I have a galley kitchen being proposed in a single family house.  What is the minimum dimension between counter tops?  I can't seem to find anything in the IRC.


----------



## mark handler (Jul 16, 2014)

There is nothing in the code but Like a hallway a minimum of 3 feet between the counters should be provided.


----------



## mtlogcabin (Jul 16, 2014)

There should be at least room for :butt:butt to move a round.


----------



## fatboy (Jul 16, 2014)

I can't imagine a design less than 36"......


----------



## mark handler (Jul 16, 2014)

fatboy said:
			
		

> I can't imagine a design less than 36"......


Seen design less than 36", not a good design.


----------



## Francis Vineyard (Jul 16, 2014)

Sol said:
			
		

> I have a galley kitchen being proposed in a single family house. What is the minimum dimension between counter tops? I can't seem to find anything in the IRC.


If there are appliances need to install per the manufacturer's installation instructions;

*M1901.2 Cooking appliances. *

Cooking _appliances _shall be _listed _and _labeled _for household use and shall be installed in accordance with the manufacturer’s instructions.

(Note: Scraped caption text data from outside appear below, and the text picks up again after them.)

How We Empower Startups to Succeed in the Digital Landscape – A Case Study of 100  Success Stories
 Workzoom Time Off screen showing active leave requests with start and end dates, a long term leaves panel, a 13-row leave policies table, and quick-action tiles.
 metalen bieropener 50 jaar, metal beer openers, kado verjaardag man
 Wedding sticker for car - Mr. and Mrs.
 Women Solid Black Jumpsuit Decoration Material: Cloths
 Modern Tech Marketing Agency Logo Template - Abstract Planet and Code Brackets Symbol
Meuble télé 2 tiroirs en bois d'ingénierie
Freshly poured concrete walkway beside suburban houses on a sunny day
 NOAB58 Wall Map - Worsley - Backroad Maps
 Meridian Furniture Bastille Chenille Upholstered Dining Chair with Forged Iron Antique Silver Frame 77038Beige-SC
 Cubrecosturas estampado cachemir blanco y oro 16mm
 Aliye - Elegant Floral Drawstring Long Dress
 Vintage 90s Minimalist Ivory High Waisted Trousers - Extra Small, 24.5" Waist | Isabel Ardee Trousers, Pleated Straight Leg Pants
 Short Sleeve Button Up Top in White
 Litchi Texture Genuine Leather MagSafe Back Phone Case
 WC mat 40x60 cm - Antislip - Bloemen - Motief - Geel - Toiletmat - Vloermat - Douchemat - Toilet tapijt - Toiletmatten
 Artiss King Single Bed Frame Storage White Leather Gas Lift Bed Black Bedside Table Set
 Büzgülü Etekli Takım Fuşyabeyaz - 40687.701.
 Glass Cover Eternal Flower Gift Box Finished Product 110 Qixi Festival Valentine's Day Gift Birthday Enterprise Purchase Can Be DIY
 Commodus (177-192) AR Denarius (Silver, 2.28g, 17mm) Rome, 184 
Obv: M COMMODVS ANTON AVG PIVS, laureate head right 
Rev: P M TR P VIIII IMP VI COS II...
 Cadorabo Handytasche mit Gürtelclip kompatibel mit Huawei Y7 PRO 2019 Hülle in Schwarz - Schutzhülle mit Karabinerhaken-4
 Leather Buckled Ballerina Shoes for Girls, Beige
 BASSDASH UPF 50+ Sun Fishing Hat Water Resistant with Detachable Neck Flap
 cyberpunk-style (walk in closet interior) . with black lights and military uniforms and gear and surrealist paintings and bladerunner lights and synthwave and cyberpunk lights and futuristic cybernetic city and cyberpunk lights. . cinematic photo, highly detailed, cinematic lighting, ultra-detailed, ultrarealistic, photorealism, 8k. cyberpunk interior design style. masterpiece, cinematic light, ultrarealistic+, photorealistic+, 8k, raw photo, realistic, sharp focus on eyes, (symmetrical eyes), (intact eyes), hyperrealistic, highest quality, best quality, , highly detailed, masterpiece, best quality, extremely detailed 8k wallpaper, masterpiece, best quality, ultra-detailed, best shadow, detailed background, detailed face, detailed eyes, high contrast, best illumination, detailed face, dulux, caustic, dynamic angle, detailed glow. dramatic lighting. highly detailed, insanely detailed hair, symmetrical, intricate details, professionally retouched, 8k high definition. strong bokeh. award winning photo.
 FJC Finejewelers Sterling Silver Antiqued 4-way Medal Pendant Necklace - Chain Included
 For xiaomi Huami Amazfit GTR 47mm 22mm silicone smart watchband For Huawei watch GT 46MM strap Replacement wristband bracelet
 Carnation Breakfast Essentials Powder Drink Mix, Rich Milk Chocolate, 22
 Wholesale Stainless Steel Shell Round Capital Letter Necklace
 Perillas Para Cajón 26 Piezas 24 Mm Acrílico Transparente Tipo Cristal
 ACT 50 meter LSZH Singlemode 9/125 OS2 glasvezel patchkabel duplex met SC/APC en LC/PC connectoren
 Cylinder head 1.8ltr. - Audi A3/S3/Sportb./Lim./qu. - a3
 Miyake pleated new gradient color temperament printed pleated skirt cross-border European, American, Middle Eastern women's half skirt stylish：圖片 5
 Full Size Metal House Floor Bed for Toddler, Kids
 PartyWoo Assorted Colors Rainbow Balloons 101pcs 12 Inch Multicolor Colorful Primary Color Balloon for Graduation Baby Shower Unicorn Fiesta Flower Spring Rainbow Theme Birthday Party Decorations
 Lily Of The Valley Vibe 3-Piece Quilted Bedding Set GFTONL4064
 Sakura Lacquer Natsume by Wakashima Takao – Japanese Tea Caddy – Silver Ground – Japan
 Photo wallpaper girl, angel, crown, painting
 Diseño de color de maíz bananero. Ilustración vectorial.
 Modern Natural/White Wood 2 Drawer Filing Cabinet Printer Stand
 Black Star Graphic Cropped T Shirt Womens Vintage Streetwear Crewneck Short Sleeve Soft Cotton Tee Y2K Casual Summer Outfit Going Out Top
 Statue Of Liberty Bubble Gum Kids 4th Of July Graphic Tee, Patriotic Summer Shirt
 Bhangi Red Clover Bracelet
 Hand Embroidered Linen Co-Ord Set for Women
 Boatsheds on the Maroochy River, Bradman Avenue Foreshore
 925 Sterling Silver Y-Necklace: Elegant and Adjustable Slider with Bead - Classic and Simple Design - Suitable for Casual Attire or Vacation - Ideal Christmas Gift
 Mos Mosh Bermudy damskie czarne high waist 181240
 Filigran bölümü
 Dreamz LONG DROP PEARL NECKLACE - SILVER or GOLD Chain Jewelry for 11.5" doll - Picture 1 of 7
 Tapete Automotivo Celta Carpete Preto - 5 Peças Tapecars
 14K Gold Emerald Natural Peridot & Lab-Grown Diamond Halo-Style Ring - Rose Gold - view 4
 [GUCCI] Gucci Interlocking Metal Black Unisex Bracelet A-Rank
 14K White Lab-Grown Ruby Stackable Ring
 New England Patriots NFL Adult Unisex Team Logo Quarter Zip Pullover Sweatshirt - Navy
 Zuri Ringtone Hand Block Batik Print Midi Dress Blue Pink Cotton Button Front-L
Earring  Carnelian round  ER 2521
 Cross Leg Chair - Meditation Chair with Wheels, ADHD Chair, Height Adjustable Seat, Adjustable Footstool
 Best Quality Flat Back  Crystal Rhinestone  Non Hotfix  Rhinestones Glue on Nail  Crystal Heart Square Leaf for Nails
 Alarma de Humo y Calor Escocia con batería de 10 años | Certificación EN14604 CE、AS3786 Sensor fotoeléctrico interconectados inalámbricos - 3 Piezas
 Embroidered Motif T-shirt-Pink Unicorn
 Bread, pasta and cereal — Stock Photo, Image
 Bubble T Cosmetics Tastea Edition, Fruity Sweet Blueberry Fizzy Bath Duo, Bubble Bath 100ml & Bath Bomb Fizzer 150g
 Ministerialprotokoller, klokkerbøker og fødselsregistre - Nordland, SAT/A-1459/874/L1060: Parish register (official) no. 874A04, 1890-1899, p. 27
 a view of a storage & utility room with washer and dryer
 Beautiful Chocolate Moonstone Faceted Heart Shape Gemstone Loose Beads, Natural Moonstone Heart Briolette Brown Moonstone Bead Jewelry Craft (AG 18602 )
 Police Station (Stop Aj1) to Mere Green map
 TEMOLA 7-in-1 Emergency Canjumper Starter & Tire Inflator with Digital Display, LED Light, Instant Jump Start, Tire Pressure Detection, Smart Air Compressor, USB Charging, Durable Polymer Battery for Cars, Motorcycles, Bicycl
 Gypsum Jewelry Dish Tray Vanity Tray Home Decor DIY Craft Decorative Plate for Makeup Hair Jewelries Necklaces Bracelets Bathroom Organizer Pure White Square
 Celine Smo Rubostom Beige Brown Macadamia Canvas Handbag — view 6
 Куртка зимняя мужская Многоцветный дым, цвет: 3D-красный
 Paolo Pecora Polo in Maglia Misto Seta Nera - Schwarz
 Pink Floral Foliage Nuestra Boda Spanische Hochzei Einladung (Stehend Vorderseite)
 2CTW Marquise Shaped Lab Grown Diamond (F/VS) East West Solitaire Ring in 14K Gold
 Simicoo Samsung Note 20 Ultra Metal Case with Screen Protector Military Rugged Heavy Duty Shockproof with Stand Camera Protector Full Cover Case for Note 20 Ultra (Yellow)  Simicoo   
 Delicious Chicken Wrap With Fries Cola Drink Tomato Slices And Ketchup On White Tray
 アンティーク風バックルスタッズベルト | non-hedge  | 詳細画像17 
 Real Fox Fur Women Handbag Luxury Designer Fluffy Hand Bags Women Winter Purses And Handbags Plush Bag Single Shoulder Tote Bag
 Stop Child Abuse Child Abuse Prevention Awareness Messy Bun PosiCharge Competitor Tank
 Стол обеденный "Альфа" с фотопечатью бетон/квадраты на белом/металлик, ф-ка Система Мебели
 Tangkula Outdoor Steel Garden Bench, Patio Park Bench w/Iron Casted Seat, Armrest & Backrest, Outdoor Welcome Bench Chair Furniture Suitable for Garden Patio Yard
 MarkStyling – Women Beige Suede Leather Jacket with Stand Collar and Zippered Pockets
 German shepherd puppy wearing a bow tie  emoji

The installation shall not interfere with _combustion air _or access for operation and servicing. Electric cooking appliances shall comply with UL 1026 or UL 858. Solid-fuel-fired fireplace stoves shall comply with UL 737.

*G2447.1 (623.1) Cooking appliances. *

Cooking _appliances _that are designed for permanent installation, including ranges, ovens, stoves, broilers, grills, fryers, griddles, hot plates and barbecues, shall be tested in accordance with ANSI Z21.1 or ANSI Z21.58 and shall be installed in accordance with the manufacturer’s installation instructions.

And does your locality enforce the Property Maintenance Code?

*404.2 Minimum room widths. *

A habitable room, other than a kitchen, shall be a minimum of 7 feet (2134 mm) in any plan dimension. Kitchens shall have a minimum clear passageway of 3 feet (914 mm) between counterfronts and appliances or counterfronts and walls.


----------



## Builder Bob (Jul 16, 2014)

Common Sense approach perhaps....... what a novel idea


----------



## mark handler (Jul 16, 2014)

In CA

There is a section for "efficiency dwelling units" with a dimension of 30" in front of appliances....

But nothing for regular "dwelling units"

Not enough info in Sol's post to tell where the kitchen in question is....


----------



## Francis Vineyard (Jul 16, 2014)

Builder Bob said:
			
		

> Common Sense approach perhaps....... what a novel idea


One of my favorite question from a permit applicant: "why do the rooms need to be so big, is it because Americans are bigger?"


----------



## north star (Jul 16, 2014)

*( ) = ( )*



In conjunction with* **Builder Bob's*** comment about common sense,

considering sales & re-sales of houses, ...more room in the Kitchen

will enhance the potential for a sale.......The Kitchen is a critical

area in most houses, where it is used for socializing, ...the

gathering of persons for eating, and the actual activity of cooking

& prepping of food.



Most people want more room in the Kitchen !

*( ) = ( )*


----------